In both cases, the patent specifications under consideration did not reveal a lawful use of the claimed invention.
In light of the above, it follows that there may be a ground for objection to the grant of a patent for biometric technology where the claimed invention describes a primary use of the invention which is unlawful or contrary to Australian data and privacy laws (and any other local law relevant to the use of the technology).
Approach to reduce risk of objections
To address the risk of section 50(1)(a) of the Patents Act being relied upon as a ground for objection to a patent for biometric technology it would be important to be able to demonstrate a use of the invention that is compatible with law, notwithstanding that there may be ways in which the invention could separately be used unlawfully.
In the context of Australian data protection and privacy laws this would be by ensuring that the invention is described in the patent specification in a manner that could potentially have lawful applications under the applicable laws. Careful drafting has a role to play.
Below sections of this article summarise some of the data protection and privacy laws in Australia which could be relevant to the application of biometric technology. Based on these laws, some general observations can be made.

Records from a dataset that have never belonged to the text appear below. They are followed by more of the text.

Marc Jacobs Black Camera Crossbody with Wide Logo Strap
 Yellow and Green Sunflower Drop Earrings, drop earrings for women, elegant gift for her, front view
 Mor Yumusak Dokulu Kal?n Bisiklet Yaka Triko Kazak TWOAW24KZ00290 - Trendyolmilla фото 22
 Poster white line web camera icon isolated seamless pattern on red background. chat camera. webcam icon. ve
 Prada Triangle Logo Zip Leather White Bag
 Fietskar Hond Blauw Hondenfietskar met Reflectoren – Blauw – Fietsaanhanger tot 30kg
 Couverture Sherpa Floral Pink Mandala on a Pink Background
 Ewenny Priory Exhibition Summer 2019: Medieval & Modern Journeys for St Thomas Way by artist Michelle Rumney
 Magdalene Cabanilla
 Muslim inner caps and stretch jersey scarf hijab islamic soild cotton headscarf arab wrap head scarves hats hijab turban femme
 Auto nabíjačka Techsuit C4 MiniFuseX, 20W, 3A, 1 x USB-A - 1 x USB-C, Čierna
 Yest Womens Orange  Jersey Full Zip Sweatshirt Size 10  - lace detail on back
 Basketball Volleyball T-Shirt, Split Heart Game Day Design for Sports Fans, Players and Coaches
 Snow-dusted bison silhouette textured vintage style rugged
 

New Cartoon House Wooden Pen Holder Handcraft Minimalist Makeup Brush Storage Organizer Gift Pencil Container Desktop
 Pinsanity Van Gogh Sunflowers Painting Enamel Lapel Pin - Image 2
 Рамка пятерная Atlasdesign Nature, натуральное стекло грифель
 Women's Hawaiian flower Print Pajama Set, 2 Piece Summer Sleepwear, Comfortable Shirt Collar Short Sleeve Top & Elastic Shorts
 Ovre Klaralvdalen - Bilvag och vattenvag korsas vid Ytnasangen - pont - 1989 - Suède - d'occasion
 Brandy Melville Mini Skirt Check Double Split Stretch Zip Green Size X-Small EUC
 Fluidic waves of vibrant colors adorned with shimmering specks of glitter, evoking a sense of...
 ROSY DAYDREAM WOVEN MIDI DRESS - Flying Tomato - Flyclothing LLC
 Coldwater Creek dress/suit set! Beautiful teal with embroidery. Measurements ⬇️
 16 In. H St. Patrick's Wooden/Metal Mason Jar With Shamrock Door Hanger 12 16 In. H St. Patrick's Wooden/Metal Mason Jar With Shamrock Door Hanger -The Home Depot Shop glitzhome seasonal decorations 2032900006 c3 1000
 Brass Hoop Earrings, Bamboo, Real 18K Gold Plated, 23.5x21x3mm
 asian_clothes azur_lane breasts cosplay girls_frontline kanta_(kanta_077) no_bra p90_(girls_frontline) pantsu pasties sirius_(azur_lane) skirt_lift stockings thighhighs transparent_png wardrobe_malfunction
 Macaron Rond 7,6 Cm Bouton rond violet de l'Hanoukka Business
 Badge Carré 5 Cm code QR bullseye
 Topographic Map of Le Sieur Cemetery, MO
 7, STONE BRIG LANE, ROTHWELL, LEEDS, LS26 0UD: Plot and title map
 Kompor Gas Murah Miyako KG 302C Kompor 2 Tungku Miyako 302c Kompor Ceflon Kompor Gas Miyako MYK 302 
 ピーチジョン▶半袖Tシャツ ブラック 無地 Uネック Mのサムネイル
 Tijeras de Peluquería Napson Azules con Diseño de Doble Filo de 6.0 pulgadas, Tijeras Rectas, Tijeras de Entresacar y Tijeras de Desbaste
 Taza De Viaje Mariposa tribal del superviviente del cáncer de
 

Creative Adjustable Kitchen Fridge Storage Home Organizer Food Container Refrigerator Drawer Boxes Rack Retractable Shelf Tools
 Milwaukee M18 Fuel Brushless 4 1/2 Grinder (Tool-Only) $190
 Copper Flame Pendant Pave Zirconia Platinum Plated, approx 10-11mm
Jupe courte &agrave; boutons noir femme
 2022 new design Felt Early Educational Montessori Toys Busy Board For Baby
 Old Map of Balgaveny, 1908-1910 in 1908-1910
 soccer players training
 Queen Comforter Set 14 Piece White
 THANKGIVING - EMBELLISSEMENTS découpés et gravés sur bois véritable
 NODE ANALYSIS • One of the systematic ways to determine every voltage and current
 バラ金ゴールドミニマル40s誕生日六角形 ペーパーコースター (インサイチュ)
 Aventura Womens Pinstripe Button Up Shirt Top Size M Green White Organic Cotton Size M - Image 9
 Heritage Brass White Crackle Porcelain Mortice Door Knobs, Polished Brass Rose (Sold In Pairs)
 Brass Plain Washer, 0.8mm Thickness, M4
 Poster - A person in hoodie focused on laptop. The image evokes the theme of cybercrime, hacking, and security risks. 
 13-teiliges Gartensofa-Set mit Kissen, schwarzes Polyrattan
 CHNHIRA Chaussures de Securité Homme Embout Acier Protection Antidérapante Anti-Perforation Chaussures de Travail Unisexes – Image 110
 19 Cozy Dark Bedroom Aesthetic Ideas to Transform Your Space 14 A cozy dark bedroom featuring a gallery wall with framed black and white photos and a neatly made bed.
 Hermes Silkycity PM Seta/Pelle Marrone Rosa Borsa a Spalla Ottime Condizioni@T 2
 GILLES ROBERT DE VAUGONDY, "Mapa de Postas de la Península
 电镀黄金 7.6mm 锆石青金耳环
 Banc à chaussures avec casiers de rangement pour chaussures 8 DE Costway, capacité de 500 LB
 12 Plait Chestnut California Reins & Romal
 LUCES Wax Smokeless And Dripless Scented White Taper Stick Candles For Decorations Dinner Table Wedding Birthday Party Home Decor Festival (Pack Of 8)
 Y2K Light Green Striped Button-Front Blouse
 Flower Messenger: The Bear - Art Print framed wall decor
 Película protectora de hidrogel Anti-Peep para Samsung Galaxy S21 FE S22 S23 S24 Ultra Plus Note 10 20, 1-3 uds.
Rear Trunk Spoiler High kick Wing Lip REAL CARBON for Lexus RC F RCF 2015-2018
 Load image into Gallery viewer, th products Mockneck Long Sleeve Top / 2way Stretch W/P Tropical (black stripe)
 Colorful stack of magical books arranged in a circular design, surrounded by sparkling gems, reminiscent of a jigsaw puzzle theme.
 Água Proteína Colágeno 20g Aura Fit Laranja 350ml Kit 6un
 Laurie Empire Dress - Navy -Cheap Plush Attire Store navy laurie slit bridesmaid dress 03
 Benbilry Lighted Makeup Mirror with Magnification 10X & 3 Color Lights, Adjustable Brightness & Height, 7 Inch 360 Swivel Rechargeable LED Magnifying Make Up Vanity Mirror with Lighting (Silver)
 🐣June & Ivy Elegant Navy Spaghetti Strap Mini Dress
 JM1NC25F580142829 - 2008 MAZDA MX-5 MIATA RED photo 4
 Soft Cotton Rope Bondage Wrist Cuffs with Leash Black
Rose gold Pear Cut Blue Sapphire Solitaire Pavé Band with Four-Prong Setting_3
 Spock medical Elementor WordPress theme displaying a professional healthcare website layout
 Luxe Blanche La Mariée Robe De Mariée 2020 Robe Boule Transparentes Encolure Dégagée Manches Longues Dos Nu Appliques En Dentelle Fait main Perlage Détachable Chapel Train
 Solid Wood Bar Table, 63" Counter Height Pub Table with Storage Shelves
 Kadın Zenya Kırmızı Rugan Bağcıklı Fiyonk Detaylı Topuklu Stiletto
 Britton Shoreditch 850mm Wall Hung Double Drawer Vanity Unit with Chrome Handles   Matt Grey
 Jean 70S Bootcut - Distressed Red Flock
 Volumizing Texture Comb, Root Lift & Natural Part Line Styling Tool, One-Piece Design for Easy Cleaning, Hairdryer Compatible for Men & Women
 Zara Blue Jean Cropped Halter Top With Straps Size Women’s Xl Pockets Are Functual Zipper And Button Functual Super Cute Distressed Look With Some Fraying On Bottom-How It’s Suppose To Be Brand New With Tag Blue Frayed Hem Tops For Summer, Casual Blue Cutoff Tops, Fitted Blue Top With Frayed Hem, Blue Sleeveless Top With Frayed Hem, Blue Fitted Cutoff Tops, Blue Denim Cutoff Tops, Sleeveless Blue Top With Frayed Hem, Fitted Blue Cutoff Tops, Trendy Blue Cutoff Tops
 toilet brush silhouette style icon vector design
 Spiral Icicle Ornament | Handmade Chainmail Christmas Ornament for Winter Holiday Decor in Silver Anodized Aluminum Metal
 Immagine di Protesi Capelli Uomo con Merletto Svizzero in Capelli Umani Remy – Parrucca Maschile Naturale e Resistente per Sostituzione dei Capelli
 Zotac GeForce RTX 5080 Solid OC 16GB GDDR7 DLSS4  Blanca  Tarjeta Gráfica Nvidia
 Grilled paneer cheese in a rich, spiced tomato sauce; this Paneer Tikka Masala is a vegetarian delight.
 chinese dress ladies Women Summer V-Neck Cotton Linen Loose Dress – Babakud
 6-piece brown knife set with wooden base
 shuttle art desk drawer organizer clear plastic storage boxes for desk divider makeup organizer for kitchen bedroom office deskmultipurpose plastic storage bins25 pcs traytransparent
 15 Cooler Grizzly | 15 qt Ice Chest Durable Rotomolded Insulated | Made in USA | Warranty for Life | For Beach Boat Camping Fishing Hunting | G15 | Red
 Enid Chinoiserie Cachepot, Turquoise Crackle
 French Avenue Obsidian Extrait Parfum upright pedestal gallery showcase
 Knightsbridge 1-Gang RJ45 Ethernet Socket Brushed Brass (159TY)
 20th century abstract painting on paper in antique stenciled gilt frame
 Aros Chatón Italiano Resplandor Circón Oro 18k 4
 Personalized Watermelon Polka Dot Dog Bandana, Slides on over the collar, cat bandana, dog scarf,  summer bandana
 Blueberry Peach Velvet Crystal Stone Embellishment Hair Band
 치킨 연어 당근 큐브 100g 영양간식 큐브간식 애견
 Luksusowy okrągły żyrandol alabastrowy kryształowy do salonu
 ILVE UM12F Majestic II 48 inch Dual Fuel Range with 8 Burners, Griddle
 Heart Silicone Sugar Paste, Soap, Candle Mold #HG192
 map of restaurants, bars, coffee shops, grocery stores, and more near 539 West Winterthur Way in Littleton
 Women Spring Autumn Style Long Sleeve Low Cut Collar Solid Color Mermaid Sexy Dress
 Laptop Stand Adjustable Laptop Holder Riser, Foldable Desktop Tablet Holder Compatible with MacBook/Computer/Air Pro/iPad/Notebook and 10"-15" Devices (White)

The primary drafting concern for patents where biometric data is involved in the context of data protection and privacy laws, is ensuring the specification does not describe an invention in a way that precludes compliance with law. Use of biometric information is not inherently incompatible with privacy provided the relevant data protection and privacy laws are able to be complied with in use of the invention.
The key privacy requirements that ought to be in the focus of the patent drafter so as to ensure they are consistent with the working of the invention include:
- seeking consent for the collection and use of information;
- maintaining the information collected securely and using it only for the purpose for which it is collected; and
- keeping the information within Australia unless consent is obtained for overseas processing or access.
It is important that the patent specification does not describe a working of the invention that would not allow compliance with the obligations described above.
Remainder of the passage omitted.